Have you been spending hours at the gym, over-training your muscles and obsessing over pumping out 15 reps each day to gain weight? If so, there could be a number of obstacles in your way for achieving your dream body. Gaining mass has more science behind it than meets the eye. Sure, it’s easy to look at gaining as simply taking in more calories than expending, but the “how” is just as important as the “how much” and “how often”. Consider these thoughts when looking to bulk or add a few lean pounds.
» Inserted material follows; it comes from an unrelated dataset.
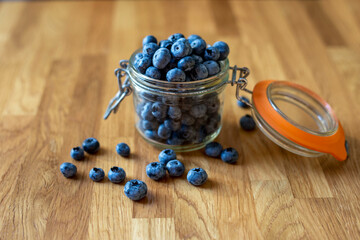 Blueberries in glass jar on a wooden background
If you’re looking to add on mass, think fewer reps, and more weight. Starting with a warm-up using 60%-70% strength and energy for about 8 reps will be enough to bring blood flow to the designated muscles and make way for bigger weights. After warming up, performing 3-4 sets per exercise with weight heavy enough to complete 4-6 reps to failure is recommended for strength. The more intense the resistance, the longer resting periods should be between sets. Slowing down during sets and focusing on giving each rep maximum effort is the key to a successful workout.
Rest on it
There is no benefit to overworking the body without adequate rest. In fact, sleep and rest in general are key components to any fitness regimen. For the size and strength seeker, working specific target muscles two times a week is sufficient, considering high intensity workouts are done. These large muscles require more time to recover and rebuild after being torn and exhausted. Alternating days of particular muscles, for example, performing resistance exercises using triceps, biceps, shoulders and back musculature Monday and Thursday, while doing exercises focused on legs and abs Tuesdays and Wednesdays, leaving Friday and Saturday for rest or cardio to allow adequate rest time for each muscle before being worked again.
Eat for strength
Knowing how to eat is as imperative to building mass as knowing how much to eat. Eating a nutrient-dense meal or snack an hour – hour and a half prior to heavy resistance workout will allow the body adequate time to digest nutrients and redirect blood flow to muscles, using mainly carbohydrates and glucose for energy. Carbohydrates are especially helpful in the strength athlete, as they are easily used in immediate expenditure (immediate- being the next hour or two). Following the workout, rapid consumption of plenty calories is suggested to replenish energy, as heavy resistance workouts will quickly deplete energy from the muscles and encourage catabolism. Metabolism is jump-started in resistance exercises, so it’s important to have access to food quickly to avoid further breakdown of muscle tissue.
Light stretching between sets can help to keep stiffening of muscles to a minimum and allow fuller range of motion. Avoid long periods of stretching during sets, however as the possibility of injury and tearing may occur due to overworking the muscles. Flexibility is often overlooked in the strength athlete, but helps tremendously when applied to the fitness regimen. Spend 10-30 seconds stretching and focusing on each target muscle after the workout to help remove lactic acid build-up and improve circulation, while allowing the muscles to recover and decrease chances of stiffness for the upcoming workouts during the week. In doing so, the individual will find more ability to use muscles to their full potential and gain mass through improved muscle usage.